Conclusion: Refined products (gasoline and diesel) in the U.S. are tracking Brent crude oil, and not WTI.  If you are using WTI as your marker for oil’s impact on consumers in your macro model, you should reconsider.

Beginning in November 2010, the price of WTI oil began to lag behind other light, sweet oil benchmarks.  For many weeks the market was perplexed by the widening spread between WTI and other oils.  It was not just Brent that pulled away from WTI, but ALL light, sweet crudes.

Now, the issue is understood well.  The glut of crude oil at WTI’s pricing hub – Cushing, OK – is weighing down the price.  Additional barrels coming from Canada via the Keystone pipeline and new shale oil plays in the mid-continent, namely the Bakken (ND), Niobrara (WY/CO), and Woodford (OK), are bidding for storage in Cushing.  There is no quick solution.  Only a pipeline running from Cushing, OK to the Gulf coast will allow WTI to play catch-up to other light, sweet grades, and construction of such a pipeline is nowhere in the foreseeable future.  Until then WTI will trade at a considerable discount to comparable crude oils.  Currently, the Brent-WTI differential is $12.50/bbl.

Interestingly, the prices of refined products in the U.S. are no longer tracking WTI.  When WTI began lagging other oils, gasoline and diesel did not hang back with it.  Currently, the correlations between a barrel of WTI crude oil and refined products since Nov 15th, 2010 are:

Gasoline: +0.83

Diesel: +0.69

Over the same duration, the correlations between a barrel of Brent crude oil and refined products are:

Gasoline: +0.98

Brent: +0.98

Crude Oil in the U.S. – Is the Price $103/bbl or $115/bbl? - kk brent1 wti1

What is going on here?  Well, WTI is the traditional benchmark for oil prices in the United States.  Up until a couple a months ago, this worked because all light, sweet crudes traded close to parity.  However, now that WTI is at a considerable discount to other oils, the price of WTI is not consistent with the price of oil everywhere in the U.S.

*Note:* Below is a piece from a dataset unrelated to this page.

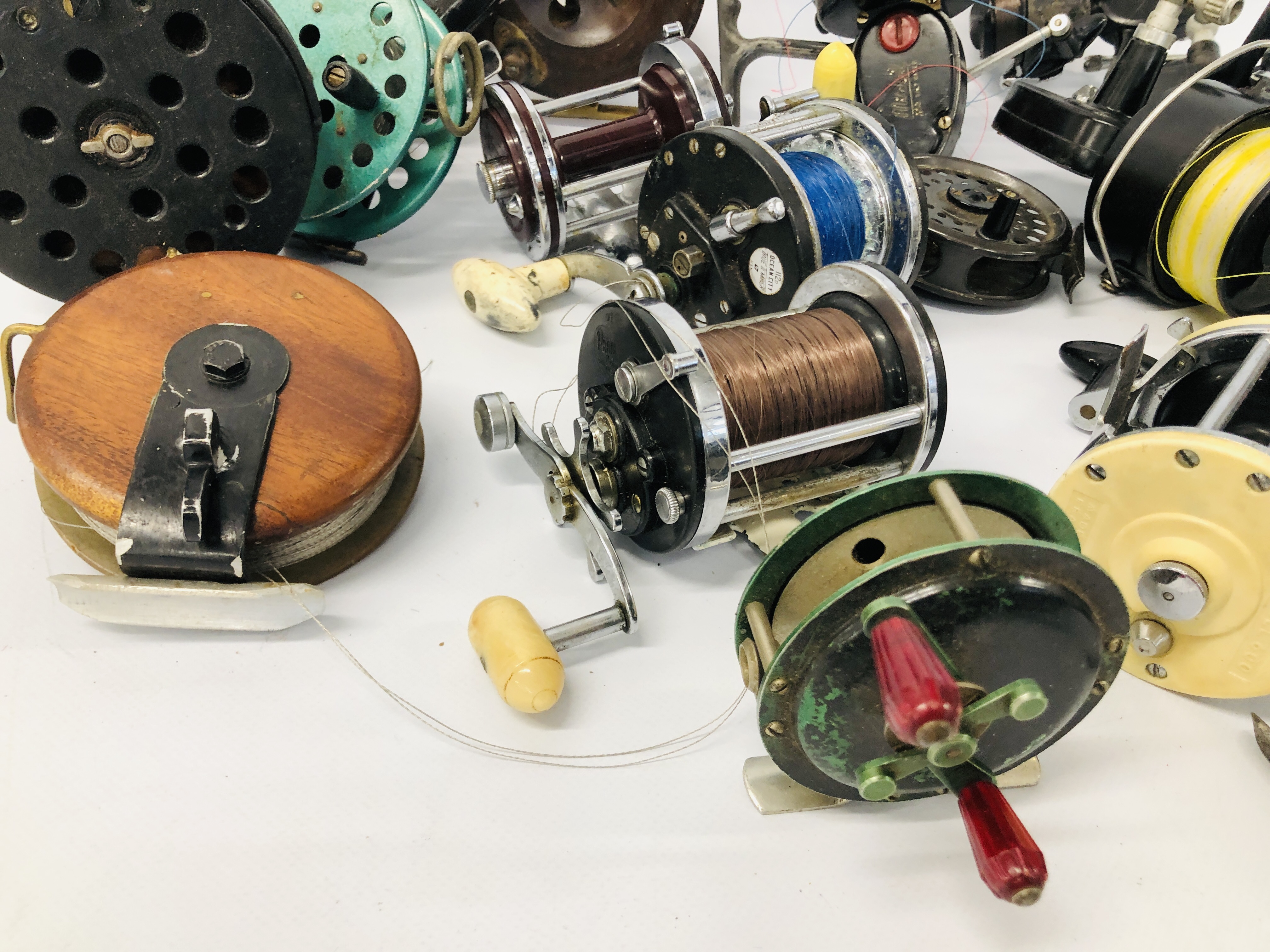 20 VARIOUS VINTAGE FISHING REEL TO INCLUDE MITCHELLS, PENN AND CENTRE PINS ETC. - Image 2 of 7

Here is the breakdown of where the U.S. holds its oil:

East Coast (PADD 1) – 3.5%

Midwest (PADD 2) – 30% (which 1/3 of which is Cushing, OK, or 11% of total U.S. stocks)

Gulf Coast (PADD 3) – 48%

Rockies (PADD 4) – 4.5%

West Coast (PADD 5) – 14%

Crude Oil in the U.S. – Is the Price $103/bbl or $115/bbl? - PADD Map

The benchmark oil price is different in each PADD.  We contend that the best light, sweet benchmark for each PADD is:

East Coast (PADD 1) – Brent, spot = $115/bbl

Midwest (PADD 2) – WTI, spot = $103/bbl

Gulf Coast (PADD 3) – Light Louisiana, spot = $120/bbl

Rockies (PADD 4) – WTI, spot = $103/bbl

West Coast (PADD 5) – Alaska North Slope (not light and sweet, but really the only crude West Coast refiners run), spot = $115/bbl

The weighted average U.S. light, sweet oil price based on location of the barrels and the benchmark price for each location is $115/bbl – exactly the current price of Brent.  This is why the prices of Brent crude oil and refined products in the U.S. have a 0.98 positive correlation.

So, if you were worried about $103 oil squeezing U.S. consumers, how does $115 oil sound?

On the micro, energy level, mid-continent refiners are benefitting from both ends of the refinery gate, with lower feedstock costs, WTI, and higher refined product prices.  Our favorites are Holly Corp. (HOC) and Frontier Oil (FTO).